» **TASK OBJECTIVE**
Would you print the data below exactly, leaving out every picture?

» **RECORDS FOR THIS EXERCISE**

········

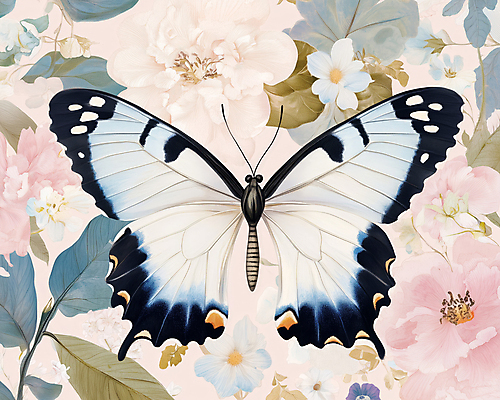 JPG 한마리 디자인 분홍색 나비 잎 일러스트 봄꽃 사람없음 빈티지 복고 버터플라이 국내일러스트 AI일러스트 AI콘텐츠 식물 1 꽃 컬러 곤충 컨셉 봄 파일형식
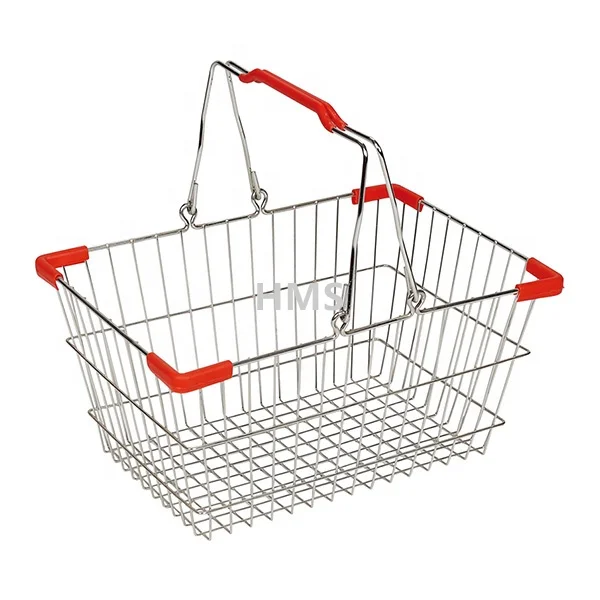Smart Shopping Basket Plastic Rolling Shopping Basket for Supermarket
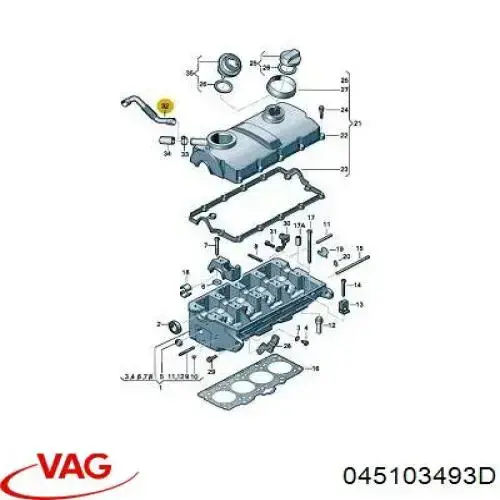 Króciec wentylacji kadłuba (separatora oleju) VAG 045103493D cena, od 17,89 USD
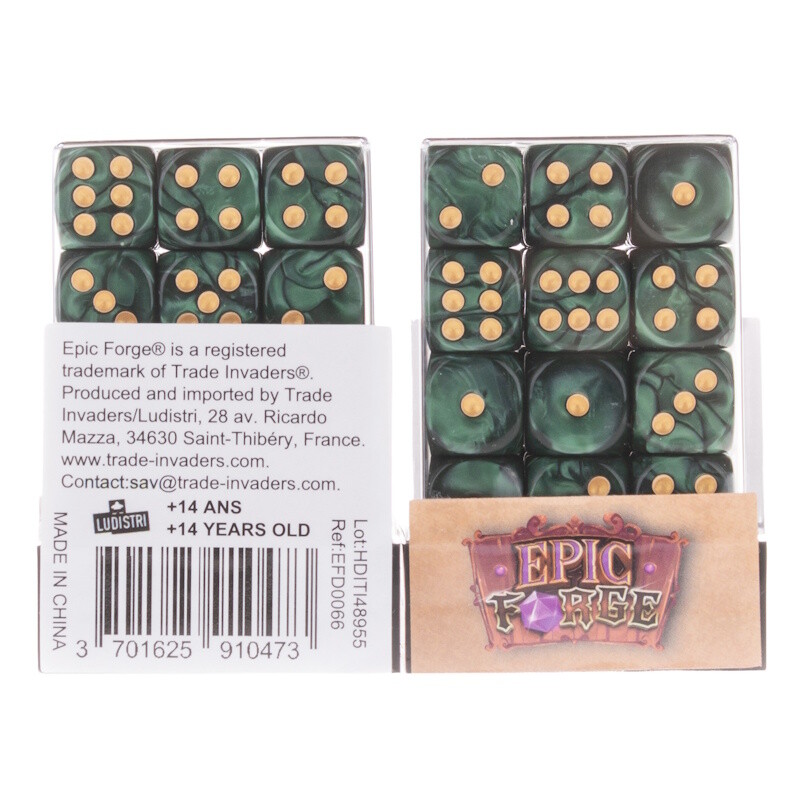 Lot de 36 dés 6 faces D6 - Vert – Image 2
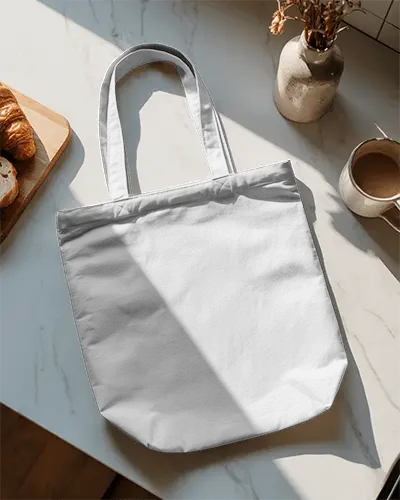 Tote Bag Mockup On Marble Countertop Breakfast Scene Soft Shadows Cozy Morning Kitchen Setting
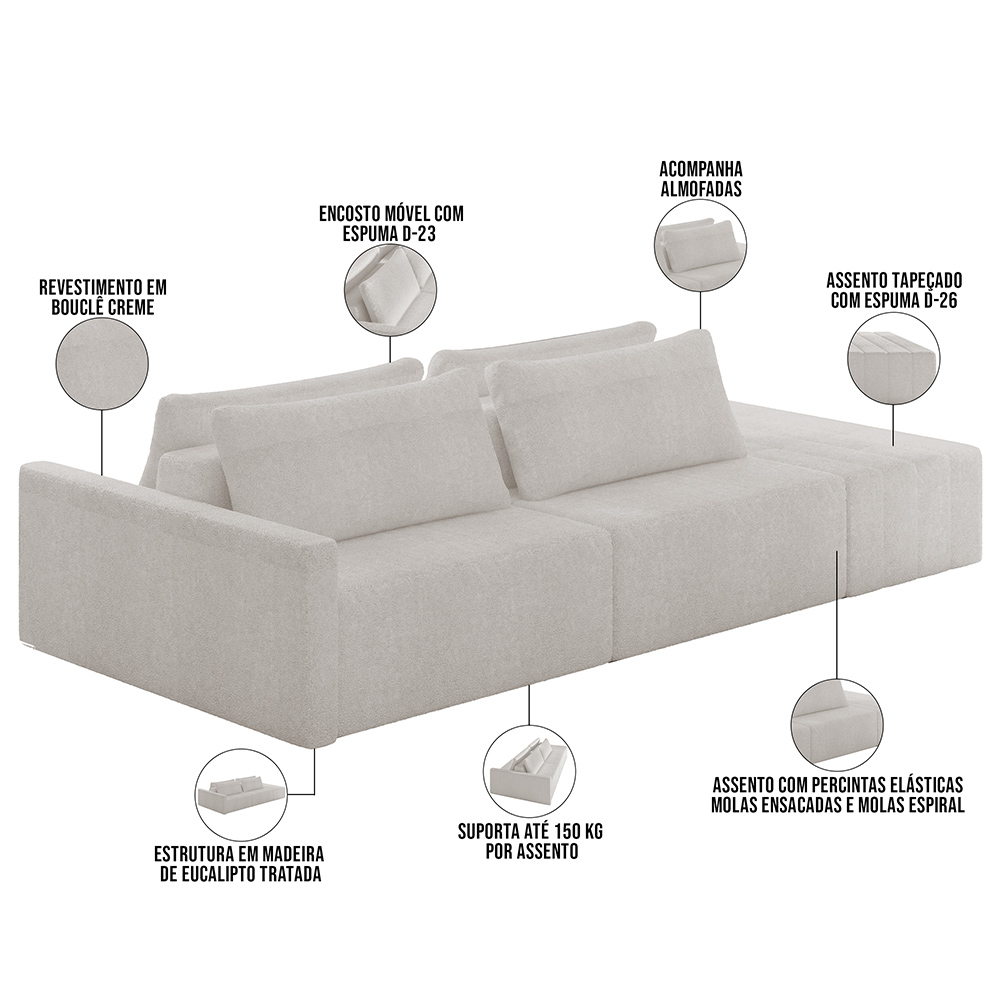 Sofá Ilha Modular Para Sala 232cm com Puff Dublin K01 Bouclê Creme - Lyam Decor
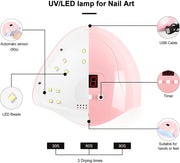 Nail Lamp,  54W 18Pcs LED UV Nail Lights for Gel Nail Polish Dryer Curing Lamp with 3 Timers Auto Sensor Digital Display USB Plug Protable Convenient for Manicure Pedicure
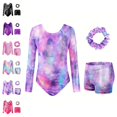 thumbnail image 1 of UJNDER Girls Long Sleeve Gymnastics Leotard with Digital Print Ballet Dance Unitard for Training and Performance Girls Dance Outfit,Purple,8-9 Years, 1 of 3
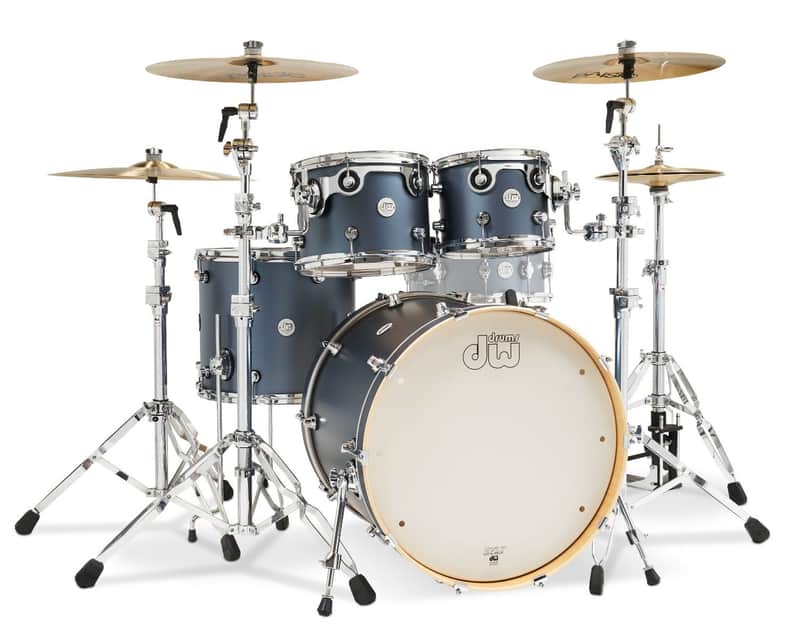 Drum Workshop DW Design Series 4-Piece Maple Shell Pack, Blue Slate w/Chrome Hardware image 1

········

» **TASK RESPONSE**
 JPG 한마리 디자인 분홍색 나비 잎 일러스트 봄꽃 사람없음 빈티지 복고 버터플라이 국내일러스트 AI일러스트 AI콘텐츠 식물 1 꽃 컬러 곤충 컨셉 봄 파일형식
Smart Shopping Basket Plastic Rolling Shopping Basket for Supermarket
 Króciec wentylacji kadłuba (separatora oleju) VAG 045103493D cena, od 17,89 USD
 Lot de 36 dés 6 faces D6 - Vert – Image 2
 Tote Bag Mockup On Marble Countertop Breakfast Scene Soft Shadows Cozy Morning Kitchen Setting
 Sofá Ilha Modular Para Sala 232cm com Puff Dublin K01 Bouclê Creme - Lyam Decor
 Nail Lamp,  54W 18Pcs LED UV Nail Lights for Gel Nail Polish Dryer Curing Lamp with 3 Timers Auto Sensor Digital Display USB Plug Protable Convenient for Manicure Pedicure
 thumbnail image 1 of UJNDER Girls Long Sleeve Gymnastics Leotard with Digital Print Ballet Dance Unitard for Training and Performance Girls Dance Outfit,Purple,8-9 Years, 1 of 3
 Drum Workshop DW Design Series 4-Piece Maple Shell Pack, Blue Slate w/Chrome Hardware image 1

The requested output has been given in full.